## TASK DATA
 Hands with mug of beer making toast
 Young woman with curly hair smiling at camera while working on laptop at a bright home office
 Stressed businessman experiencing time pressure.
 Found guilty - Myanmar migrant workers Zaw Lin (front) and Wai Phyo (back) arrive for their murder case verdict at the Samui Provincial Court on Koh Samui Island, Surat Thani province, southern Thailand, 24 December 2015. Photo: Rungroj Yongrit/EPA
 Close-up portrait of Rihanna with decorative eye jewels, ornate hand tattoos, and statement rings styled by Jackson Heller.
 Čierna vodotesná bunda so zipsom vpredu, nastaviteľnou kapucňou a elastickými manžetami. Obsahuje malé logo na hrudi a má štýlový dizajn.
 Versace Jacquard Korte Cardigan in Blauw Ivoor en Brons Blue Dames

---

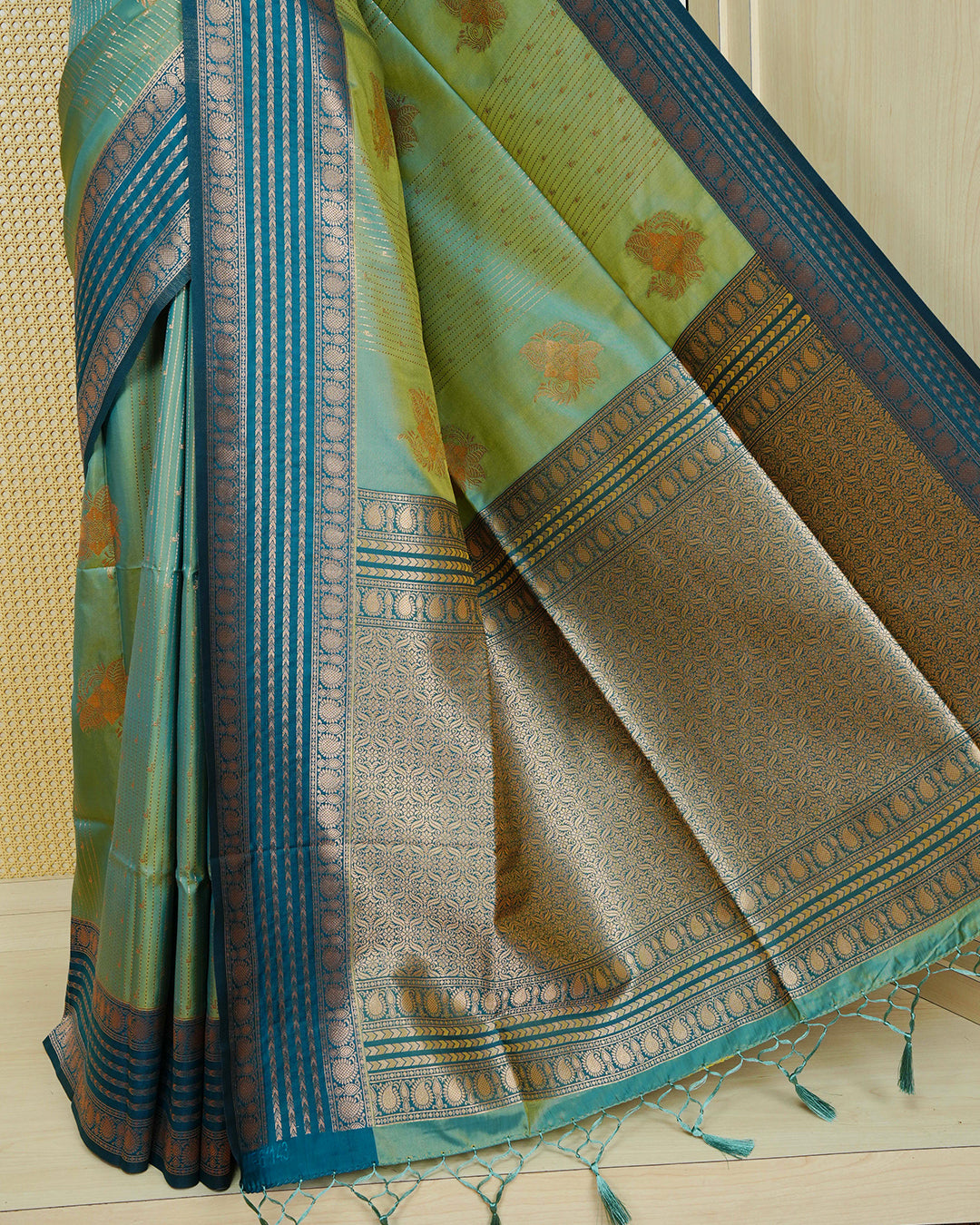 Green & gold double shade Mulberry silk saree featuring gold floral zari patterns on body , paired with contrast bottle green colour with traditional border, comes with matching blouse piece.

## WORK TO BE COMPLETED
Using the entries above, return exactly the lines from the line with "Čierna vodotesná bunda" to the line with "Versace Jacquard Korte", counting both of those lines.

## EXERCISE RESPONSE
 Čierna vodotesná bunda so zipsom vpredu, nastaviteľnou kapucňou a elastickými manžetami. Obsahuje malé logo na hrudi a má štýlový dizajn.
 Versace Jacquard Korte Cardigan in Blauw Ivoor en Brons Blue Dames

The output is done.